** Exercise brief **
Would you print the lines below exactly, beginning at the line that has "Weiße Papiertüte für" and stopping after the line that has "504 N Bufflehead"? Only those lines, and no pictures.

Study material section start

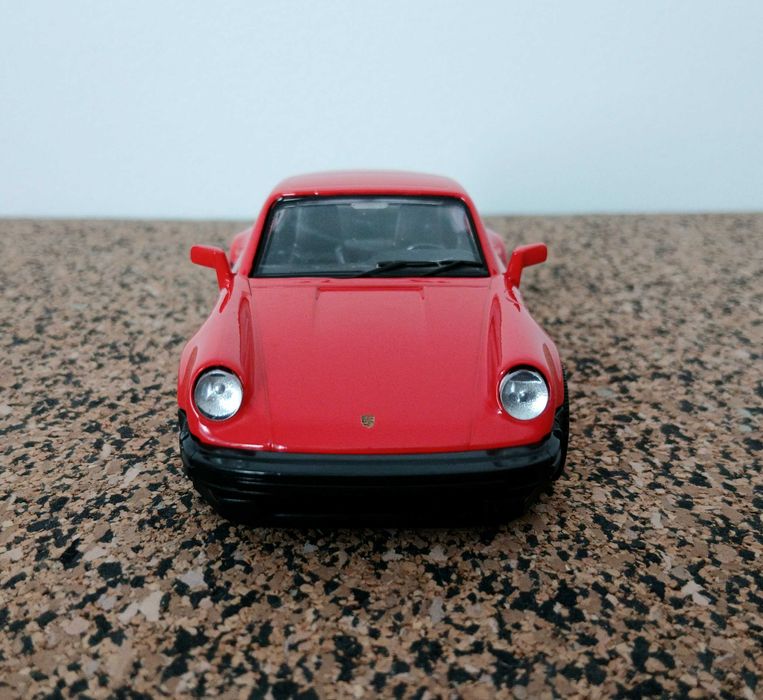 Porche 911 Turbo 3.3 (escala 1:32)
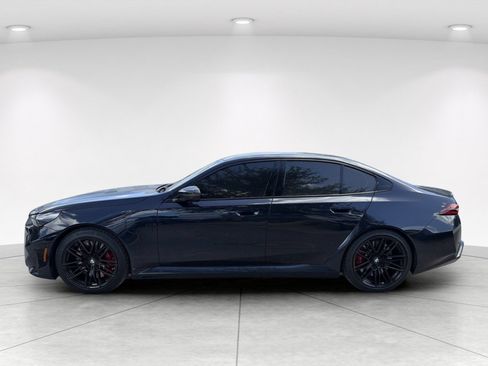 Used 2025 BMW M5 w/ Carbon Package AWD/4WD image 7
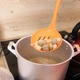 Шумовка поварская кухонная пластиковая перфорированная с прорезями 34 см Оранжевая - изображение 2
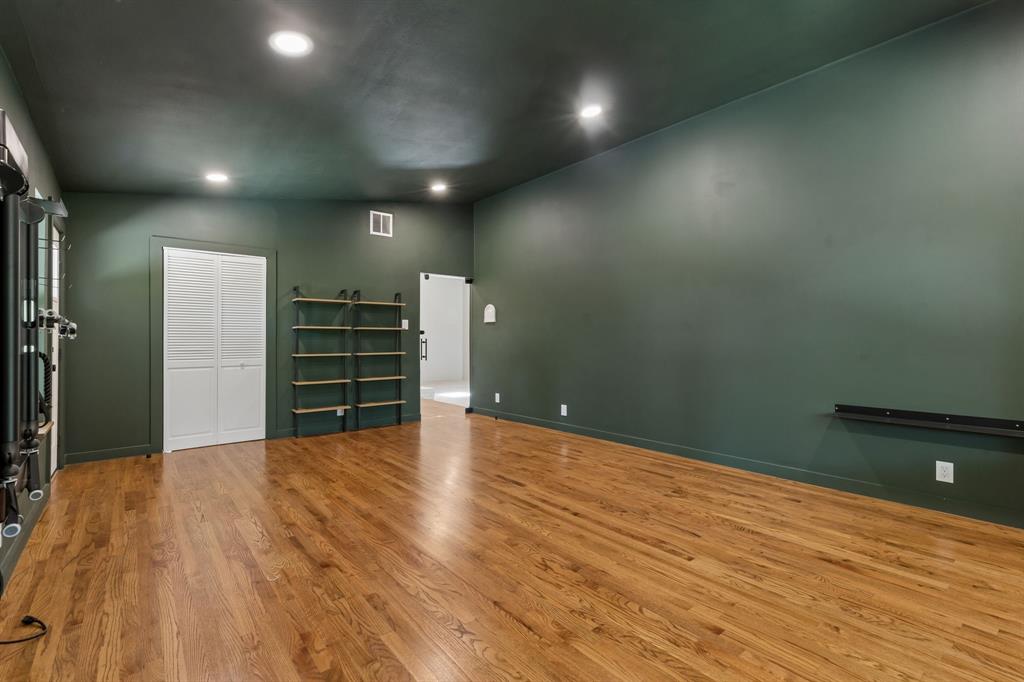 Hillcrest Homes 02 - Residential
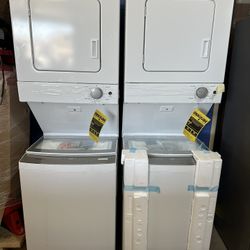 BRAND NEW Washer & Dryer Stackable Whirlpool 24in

Study material section end
Study material section start

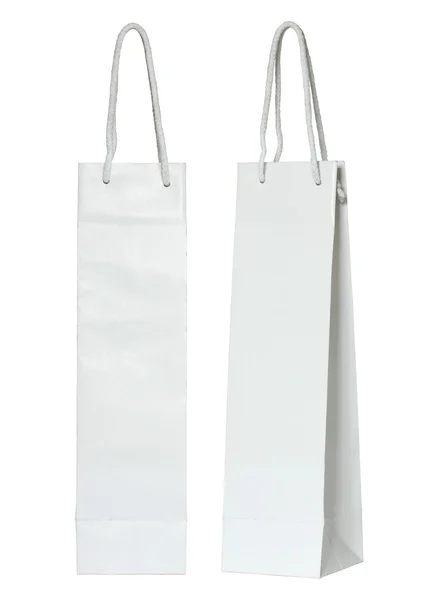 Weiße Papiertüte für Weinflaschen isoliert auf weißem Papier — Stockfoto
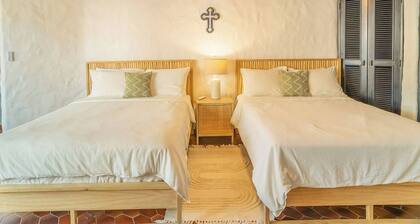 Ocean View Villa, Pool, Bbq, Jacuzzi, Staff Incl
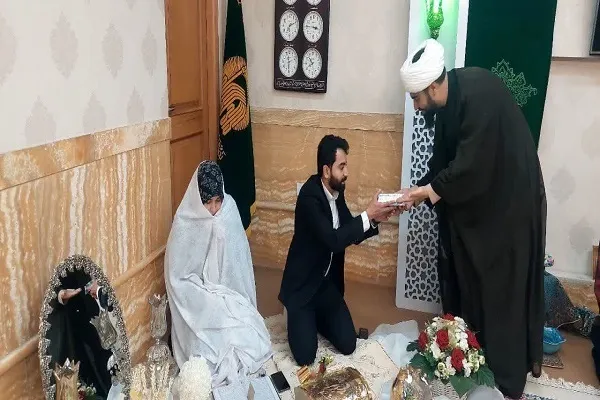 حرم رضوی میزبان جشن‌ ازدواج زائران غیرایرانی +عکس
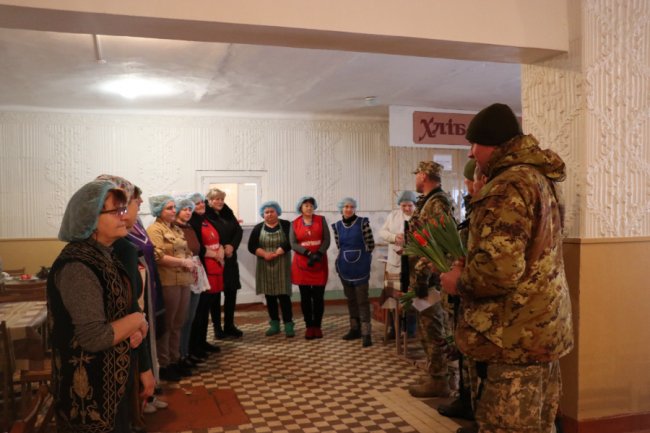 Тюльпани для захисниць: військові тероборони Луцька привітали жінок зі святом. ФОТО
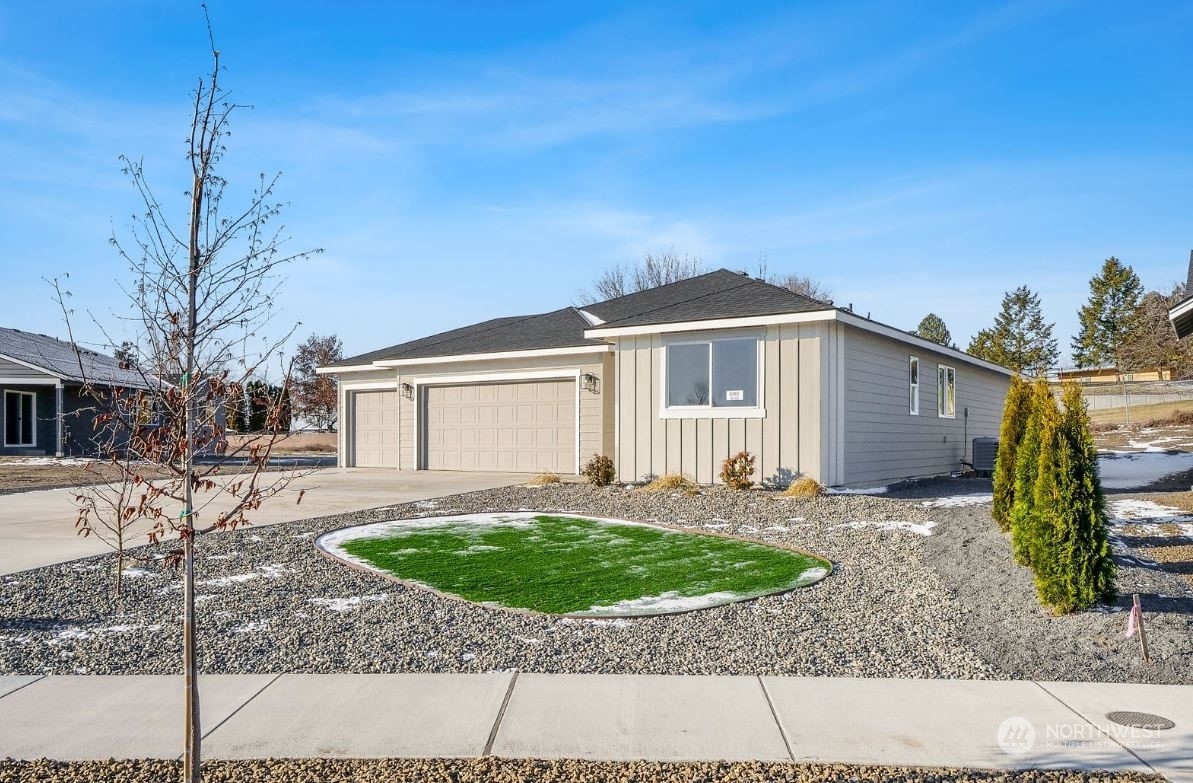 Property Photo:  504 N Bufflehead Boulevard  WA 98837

Study material section end
Study material section start

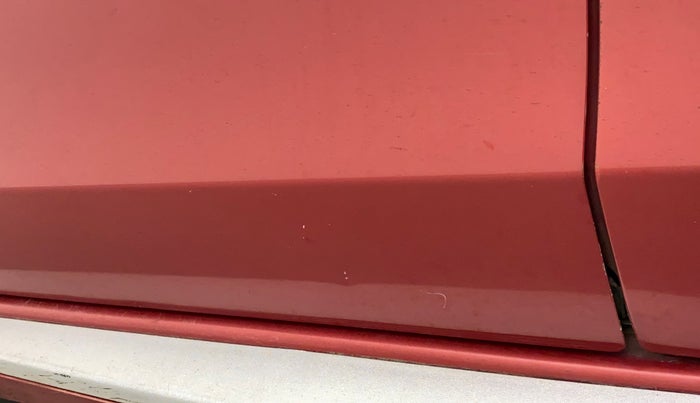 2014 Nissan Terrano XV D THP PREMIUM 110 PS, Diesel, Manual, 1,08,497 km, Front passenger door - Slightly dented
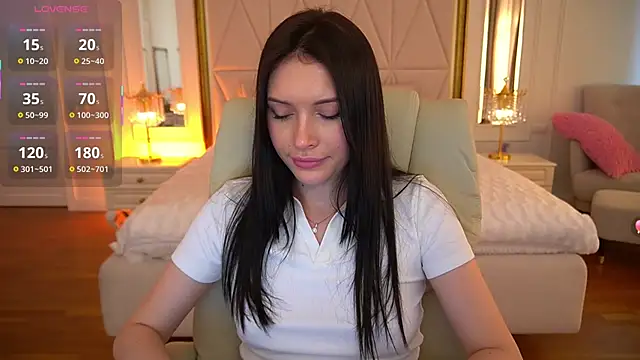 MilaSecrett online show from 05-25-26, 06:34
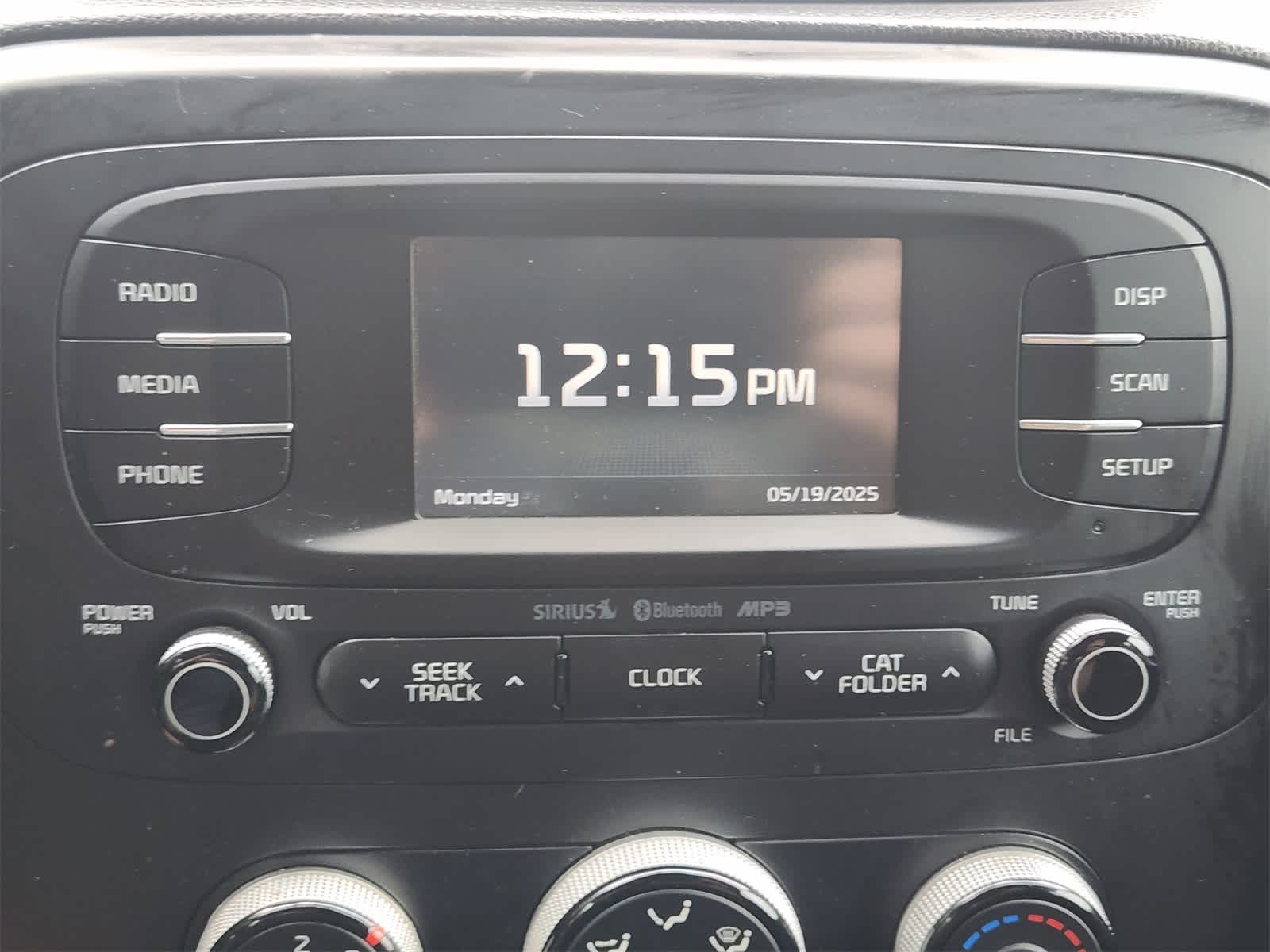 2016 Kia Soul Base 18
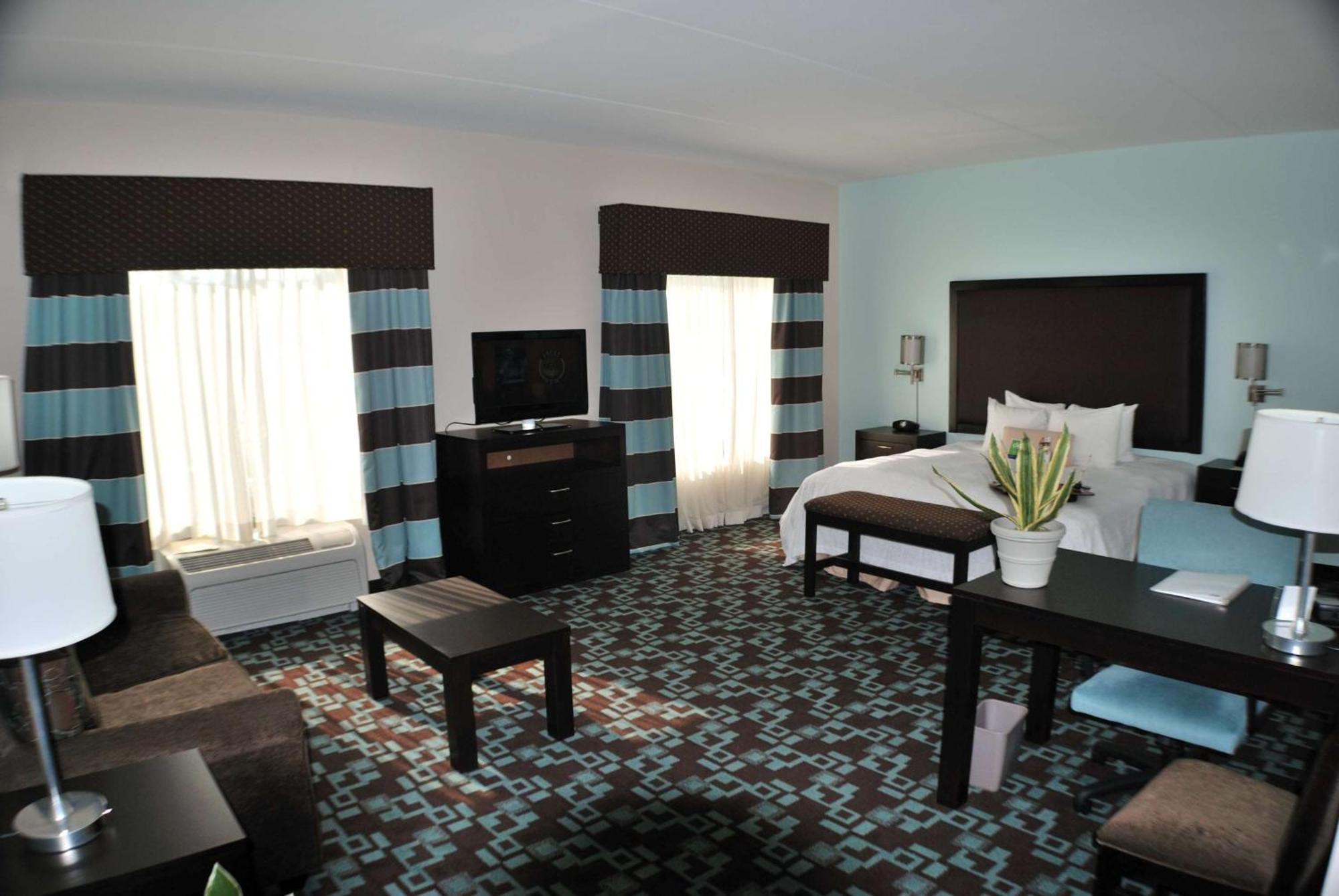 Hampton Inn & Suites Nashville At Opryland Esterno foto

Study material section end

** Completed exercise **
 Weiße Papiertüte für Weinflaschen isoliert auf weißem Papier — Stockfoto
 Ocean View Villa, Pool, Bbq, Jacuzzi, Staff Incl
 حرم رضوی میزبان جشن‌ ازدواج زائران غیرایرانی +عکس
 Тюльпани для захисниць: військові тероборони Луцька привітали жінок зі святом. ФОТО
 Property Photo:  504 N Bufflehead Boulevard  WA 98837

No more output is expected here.